Why not use Diffie/Hellman Prime Numbers MUCH larger than 2048 bits?

Searches here indicate that D/H primes of 2048 bits are "safe"? How do we know that this is true? Using a pathetic retail laptop (Intel N5000 Silver) it's possible to find 60,000 bit primes and test them in about a week! Using a 60,000 bit prime in a custom D/H encryption program, and using the same pathetic retail laptop, encryption (or decryption) of a 100K byte message only takes a few seconds.

So the resource intensive piece is finding long primes.....after that the encryption or decryption is fast and accurate.

Why not use really long primes in D/H?

Searches here indicate that D/H primes of 2048 bits are "safe"? How do we know that this is true?

Actually, we don't - we don't know that Diffie-Hellman with any specific sized prime is secure [1]. That is, we don't know that the Diffie-Hellman problem is hard, that is, if the attacker sees the values $g^x \bmod p$, $g^y \bmod p$, and also knows the values $g, p$, it might be an easy problem to find the common value $g^{xy} \bmod p$.

Now, for a properly chosen value $p$ of 2048 bits in length (and also a good value of $g$ and $x, y$ chosen from good distributions), well, a lot of clever people have thought about it, and no one knows a way. Now, it is certainly possible that everyone missed something, however that's generally always true in cryptography.

So, you ask, why don't we go ultraconservative and use huge (say, 60,000 bit) primes?
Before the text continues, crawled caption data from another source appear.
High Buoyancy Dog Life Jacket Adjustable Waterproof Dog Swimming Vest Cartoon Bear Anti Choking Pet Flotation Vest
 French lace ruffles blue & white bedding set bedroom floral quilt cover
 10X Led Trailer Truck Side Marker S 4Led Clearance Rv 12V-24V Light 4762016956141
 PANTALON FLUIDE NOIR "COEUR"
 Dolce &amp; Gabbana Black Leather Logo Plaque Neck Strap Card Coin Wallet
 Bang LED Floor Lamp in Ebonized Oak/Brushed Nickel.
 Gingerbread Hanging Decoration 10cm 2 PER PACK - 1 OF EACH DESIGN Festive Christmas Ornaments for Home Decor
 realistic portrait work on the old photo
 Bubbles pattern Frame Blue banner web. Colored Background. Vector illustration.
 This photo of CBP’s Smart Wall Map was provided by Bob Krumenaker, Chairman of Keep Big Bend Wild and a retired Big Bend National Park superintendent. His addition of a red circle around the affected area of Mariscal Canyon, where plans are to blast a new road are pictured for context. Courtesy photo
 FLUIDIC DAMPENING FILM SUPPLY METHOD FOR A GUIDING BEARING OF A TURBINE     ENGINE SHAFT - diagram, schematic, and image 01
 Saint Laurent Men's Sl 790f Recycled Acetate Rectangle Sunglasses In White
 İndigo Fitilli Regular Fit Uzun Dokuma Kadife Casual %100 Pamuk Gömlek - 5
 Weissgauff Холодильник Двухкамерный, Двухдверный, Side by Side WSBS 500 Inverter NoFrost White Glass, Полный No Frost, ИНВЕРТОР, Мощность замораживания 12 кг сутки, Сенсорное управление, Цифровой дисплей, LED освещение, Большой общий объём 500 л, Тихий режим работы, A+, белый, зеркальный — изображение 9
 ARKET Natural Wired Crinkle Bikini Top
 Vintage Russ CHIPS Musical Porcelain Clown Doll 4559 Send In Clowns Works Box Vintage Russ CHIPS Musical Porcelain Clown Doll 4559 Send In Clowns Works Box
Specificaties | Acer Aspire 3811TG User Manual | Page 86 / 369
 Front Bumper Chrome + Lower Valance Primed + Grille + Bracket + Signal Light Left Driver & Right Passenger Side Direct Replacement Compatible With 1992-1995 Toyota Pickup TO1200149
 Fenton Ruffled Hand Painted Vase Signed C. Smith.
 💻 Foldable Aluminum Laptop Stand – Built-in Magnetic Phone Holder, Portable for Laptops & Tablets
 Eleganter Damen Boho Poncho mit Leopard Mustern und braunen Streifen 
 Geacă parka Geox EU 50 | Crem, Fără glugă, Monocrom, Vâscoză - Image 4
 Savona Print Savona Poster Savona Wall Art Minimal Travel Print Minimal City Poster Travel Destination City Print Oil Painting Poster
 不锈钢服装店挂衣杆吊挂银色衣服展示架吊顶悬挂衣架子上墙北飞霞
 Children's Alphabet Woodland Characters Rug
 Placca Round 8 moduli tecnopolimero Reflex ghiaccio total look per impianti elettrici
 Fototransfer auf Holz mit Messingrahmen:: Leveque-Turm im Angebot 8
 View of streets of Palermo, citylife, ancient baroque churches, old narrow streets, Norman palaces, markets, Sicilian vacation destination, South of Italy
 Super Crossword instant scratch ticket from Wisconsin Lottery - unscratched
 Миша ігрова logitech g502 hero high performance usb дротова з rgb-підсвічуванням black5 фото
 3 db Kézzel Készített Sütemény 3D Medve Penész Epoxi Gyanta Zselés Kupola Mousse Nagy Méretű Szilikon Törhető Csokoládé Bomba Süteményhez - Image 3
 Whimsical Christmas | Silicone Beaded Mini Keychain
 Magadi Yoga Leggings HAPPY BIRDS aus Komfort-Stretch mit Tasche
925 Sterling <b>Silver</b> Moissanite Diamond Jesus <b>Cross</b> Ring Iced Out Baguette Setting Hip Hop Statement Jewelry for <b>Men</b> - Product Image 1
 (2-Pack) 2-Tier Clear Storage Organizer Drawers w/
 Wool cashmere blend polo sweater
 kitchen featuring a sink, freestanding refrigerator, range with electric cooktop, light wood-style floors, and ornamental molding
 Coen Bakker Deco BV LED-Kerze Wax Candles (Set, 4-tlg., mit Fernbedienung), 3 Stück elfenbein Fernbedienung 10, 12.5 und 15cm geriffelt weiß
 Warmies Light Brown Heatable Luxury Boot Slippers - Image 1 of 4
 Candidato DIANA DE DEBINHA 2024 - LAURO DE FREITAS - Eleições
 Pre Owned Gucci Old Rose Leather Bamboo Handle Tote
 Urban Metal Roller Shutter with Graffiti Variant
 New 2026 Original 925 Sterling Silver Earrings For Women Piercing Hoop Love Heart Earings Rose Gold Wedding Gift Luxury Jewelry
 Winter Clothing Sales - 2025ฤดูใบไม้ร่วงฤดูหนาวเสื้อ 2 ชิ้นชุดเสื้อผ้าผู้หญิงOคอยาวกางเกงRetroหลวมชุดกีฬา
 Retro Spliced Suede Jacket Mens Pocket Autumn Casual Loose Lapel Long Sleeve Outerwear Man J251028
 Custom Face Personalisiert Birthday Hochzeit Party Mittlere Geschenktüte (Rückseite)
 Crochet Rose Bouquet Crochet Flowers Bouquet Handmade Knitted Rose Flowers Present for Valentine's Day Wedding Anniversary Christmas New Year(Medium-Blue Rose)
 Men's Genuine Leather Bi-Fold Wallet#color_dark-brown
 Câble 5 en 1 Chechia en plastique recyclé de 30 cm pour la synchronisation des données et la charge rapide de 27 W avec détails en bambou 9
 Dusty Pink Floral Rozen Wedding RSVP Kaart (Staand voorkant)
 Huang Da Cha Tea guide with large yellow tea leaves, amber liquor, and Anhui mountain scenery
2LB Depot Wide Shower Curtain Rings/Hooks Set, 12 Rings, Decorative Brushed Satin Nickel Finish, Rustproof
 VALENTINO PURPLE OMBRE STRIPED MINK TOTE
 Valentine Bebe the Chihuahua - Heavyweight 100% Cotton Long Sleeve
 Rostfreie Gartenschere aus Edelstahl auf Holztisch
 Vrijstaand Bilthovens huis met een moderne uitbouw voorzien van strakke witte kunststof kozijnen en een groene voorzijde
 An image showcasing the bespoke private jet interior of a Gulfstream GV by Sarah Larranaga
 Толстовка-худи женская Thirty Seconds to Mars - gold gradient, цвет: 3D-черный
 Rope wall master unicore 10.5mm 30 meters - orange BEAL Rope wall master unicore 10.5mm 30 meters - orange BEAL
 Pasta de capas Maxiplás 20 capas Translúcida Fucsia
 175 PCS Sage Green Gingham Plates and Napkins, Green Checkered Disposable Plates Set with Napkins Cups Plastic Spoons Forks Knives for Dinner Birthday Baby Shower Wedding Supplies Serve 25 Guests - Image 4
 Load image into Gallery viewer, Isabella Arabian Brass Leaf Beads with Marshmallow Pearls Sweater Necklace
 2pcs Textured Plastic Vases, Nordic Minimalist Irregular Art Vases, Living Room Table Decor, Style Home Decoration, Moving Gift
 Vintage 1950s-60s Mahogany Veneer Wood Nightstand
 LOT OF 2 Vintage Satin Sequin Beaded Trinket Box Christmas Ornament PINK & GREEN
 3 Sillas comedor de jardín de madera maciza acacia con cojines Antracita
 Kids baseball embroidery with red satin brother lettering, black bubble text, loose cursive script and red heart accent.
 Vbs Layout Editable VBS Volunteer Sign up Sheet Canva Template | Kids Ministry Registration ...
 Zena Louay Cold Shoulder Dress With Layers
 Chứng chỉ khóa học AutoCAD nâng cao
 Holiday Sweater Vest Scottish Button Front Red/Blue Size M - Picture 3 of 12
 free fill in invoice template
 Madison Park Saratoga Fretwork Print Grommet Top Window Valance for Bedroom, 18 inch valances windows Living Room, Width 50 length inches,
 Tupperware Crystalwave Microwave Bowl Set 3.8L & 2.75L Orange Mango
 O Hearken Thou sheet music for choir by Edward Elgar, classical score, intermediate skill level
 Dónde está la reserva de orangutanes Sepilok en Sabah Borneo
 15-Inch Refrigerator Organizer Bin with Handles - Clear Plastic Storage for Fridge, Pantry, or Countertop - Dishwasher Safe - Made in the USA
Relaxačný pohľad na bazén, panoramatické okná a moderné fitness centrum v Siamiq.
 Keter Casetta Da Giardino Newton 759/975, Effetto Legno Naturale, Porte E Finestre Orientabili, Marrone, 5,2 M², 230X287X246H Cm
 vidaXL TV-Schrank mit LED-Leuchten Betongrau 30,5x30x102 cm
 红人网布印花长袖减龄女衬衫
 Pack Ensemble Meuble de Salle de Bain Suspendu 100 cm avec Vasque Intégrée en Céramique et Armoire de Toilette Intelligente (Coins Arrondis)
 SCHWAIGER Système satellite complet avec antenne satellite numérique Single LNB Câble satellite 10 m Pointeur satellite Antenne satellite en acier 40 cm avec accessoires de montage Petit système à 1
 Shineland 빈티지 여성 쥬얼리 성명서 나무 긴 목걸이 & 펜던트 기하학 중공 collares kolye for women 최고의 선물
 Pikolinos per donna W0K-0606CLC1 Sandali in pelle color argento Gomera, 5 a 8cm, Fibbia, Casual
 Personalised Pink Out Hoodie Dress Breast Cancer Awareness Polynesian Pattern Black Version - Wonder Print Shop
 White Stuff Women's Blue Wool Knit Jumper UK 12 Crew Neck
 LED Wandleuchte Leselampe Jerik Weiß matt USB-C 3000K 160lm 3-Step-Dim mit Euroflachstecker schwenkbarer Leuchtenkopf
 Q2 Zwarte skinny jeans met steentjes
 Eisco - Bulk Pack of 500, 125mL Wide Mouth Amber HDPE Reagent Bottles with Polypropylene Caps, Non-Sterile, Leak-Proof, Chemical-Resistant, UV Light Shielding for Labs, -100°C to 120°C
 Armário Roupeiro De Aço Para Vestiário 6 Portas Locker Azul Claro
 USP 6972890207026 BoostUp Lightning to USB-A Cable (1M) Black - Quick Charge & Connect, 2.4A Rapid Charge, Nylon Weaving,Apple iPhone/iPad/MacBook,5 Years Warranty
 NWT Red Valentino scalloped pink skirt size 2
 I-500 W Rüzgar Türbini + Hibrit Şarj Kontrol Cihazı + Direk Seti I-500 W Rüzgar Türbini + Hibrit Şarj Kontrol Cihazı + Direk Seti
Well, mostly because of the costs:

• 60,000 bit primes would imply 60,000 bit = 7.5kbyte keyshares - that would need to be exchanged each time. Exchanging 15k of data for each new exchange is more costly than we'd prefer.

• The time taken - you said that a DH operation would take 'only a few second'; however if you're on a big TLS server making tens of thousands of connections per second, a 'few second' per connection is rather a big deal.

[1]: The term 'safe prime' is most often used to denote a specific meaning; it is a prime $p$ with the value $(p-1)/2$ also being prime. I assume that you don't intend that specific meaning of 'safe' and that you really mean 'secure'

You seem to be under the impression that a $\approx 2,000$ bit DH prime is (potentially) unsafe, but a $\approx 60,000$ bit DH prime is clearly safe. I don't know how well-supported this is. I mention this as DH over galois fields of small characteristic has had enormous breakthroughs in the last $\approx 15$ years (I believe the current cryptanalysis record is something like $p\approx 2^{30,000}$, at least when one assumes $\mathsf{GF}(p)$ has characteristic 2).

If similar breakthroughs occurred for the case of large-characteristic galois fields (or even prime fields), it would shake confidence in both $p$ with $\log_2p\approx 2,000$ and $\log_2p\approx 60,000$. This is to say that for your "very secure" DH prime parameters to make sense, you need to be simultaneously

1. paranoid enough that you believe there are large improvements over the state of the art for attacks lurking, namely that attacks against $\log_2 p\approx 2,000$ are feasible, yet
2. confident enough in DH that you don't think the extremely efficient attacks in the case of small characteristic can extend to the prime field case.

I don't see a real reason to hold both these opinions simultaneously. If you find finite field DH sketchy (fair), switch to something like DH based on elliptic curves, or a post-quantum assumption. If you believe in finite field DH, use parameters that cryptanalysis justify as being hard.